What Does it Mean to Be Self-Employed?
Before we explore what loans are available for self-employment, let’s look at what it means to be self-employed and how it impacts what type of loans you can apply for.
What qualifies as a self-employed person differs based on who defines the term, but as the general definition, it means a person who earns a living by working for themselves. For example, the IRS considers you self-employed if you meet one of the following conditions:
- You are in business for yourself
- You are a member of a partnership that carries on a trade or business
- You carry on a trade or business as a sole proprietor or independent contractor
Being self-employed means you run your own business and make money for yourself.
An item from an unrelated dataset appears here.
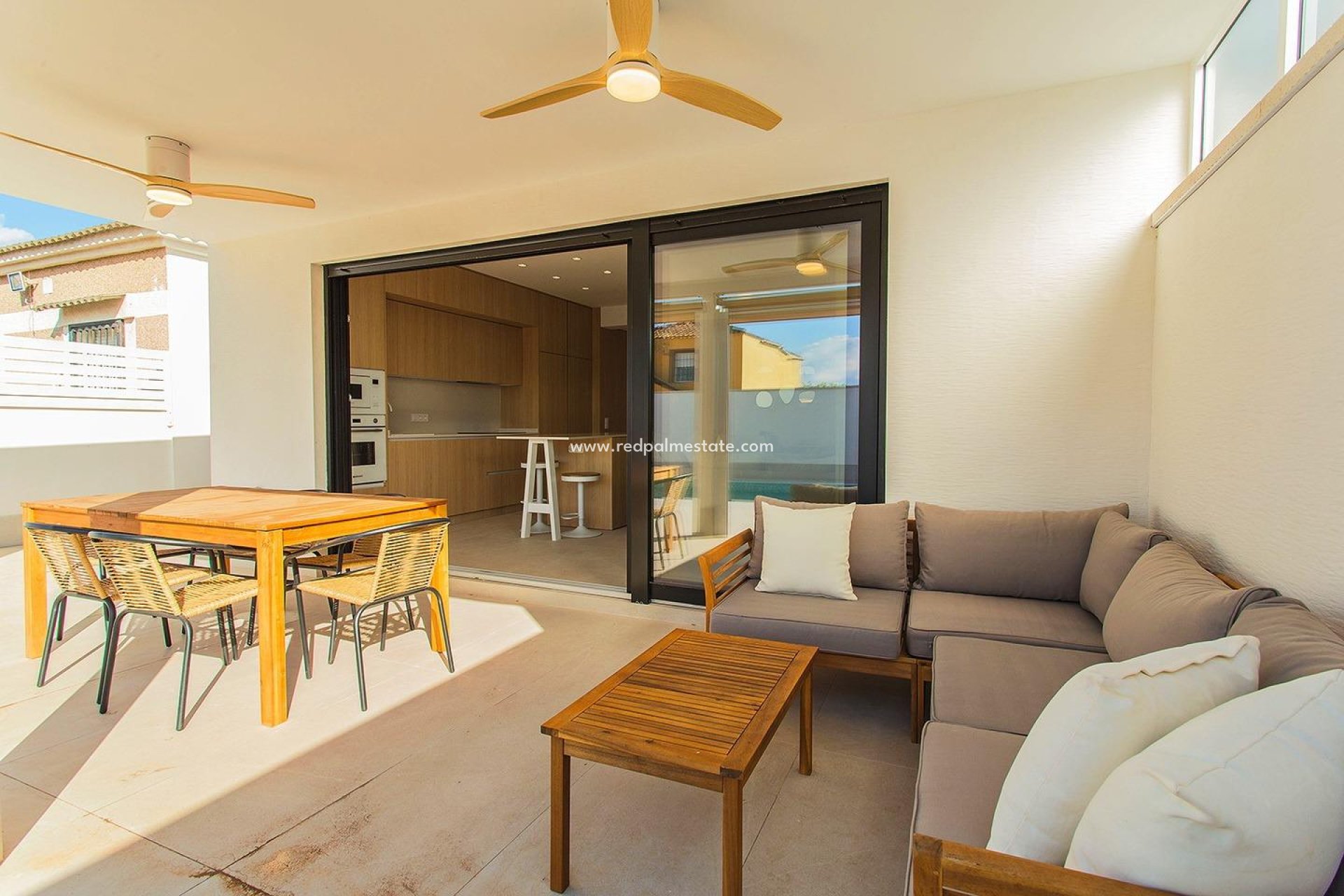 Resale - Town House -
Torrevieja - La Siesta - El Salado - Torreta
That business, though, could be set up in different ways, such as a sole proprietorship, partners, or being the owner of an LLC. The loans you are qualified for will depend on your business entity type, so keep that in mind when creating your company.
Self-Employed Business Entity Types
An independent contractor, also known as a freelancer, is defined by their tax bracket, a 1099 instead of the traditional W-2. Like other defined self-employed people, independent contractors are responsible for reporting their own wages and paying their income tax.
They are often hired on a project basis or a certain amount of hours per month. They are not guaranteed a salary or any benefits provided by the company. Independent contractors earn money directly for themselves and not companies, making them self-employed.
Not all self-employed people are independent contractors, however. For example, if you create jewelry and sell it online, you are a small business owner as you work for yourself and no one else.
Those who are independent contractors can qualify for small business loans for the self-employed, depending on how they plan to use their funds.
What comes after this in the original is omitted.